Sunday, December 20, 2009

God will not abandon the work of His hands

During the mundane weeks when my days are simply filled with going to work, cooking dinner and checking facebook, I find myself wondering if I am really following God’s purpose for my life. Advent brings to sharp focus the arc of God’s plan in history, but what does that mean for my simple day-to-day?

Over the summer I found a verse from the psalms which has stuck with me and reminded me that even in the mundane, God is at work. Psalm 138:8 says, “The LORD will fulfill his purpose for me; your love, O LORD, endures forever—do not abandon the works of your hands.”
I often don’t feel like I am doing anything noteworthy, much less noteworthy for God’s Kingdom . . . but God’s love endures forever, and that good work that He started, He is not going to cast it away.


I wonder if Mary felt the same pull at her soul though . . . a desire to honor the Lord and live a life pleasing to Him, but at the same time feeling trapped by the mundane day-to-day survival. Throughout history and throughout Scripture we see that God is a God with His own standards. He did not choose Mary to be the mother of the Savior for her status in society, her talents, or even her friends (although her family line had something to do with it). The Master of the Universe chose a simple girl from Nazareth because her heart was open to her Heavenly Father’s will.

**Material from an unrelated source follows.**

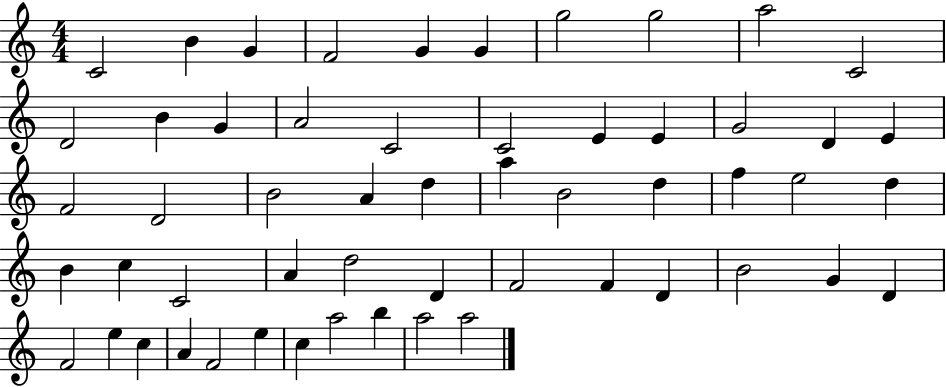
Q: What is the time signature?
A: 4/4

As much as I would love to claim this same humility, this past week I have found myself lacking Mary’s mindset. Instead of fearing God, I find myself caught up in the fear of man, and seeking to push ahead by my own strength. What folly! If God can breathe the galaxies into existence (Genesis 1), and the Holy Spirit can grow a child in Mary’s womb, then why do I fear? What do I have to feel anxious about?


I want to be like those shepherds out in the fields of Bethlehem. I want to be surprised by the Joy of my Savior’s birth. I want to run without abandon to see His precious face. I want to know and remember deep in my soul that God became human for me. Since the beginning of time, God will not abandon the work of His hand. And with the angel choruses I say, “Amen!”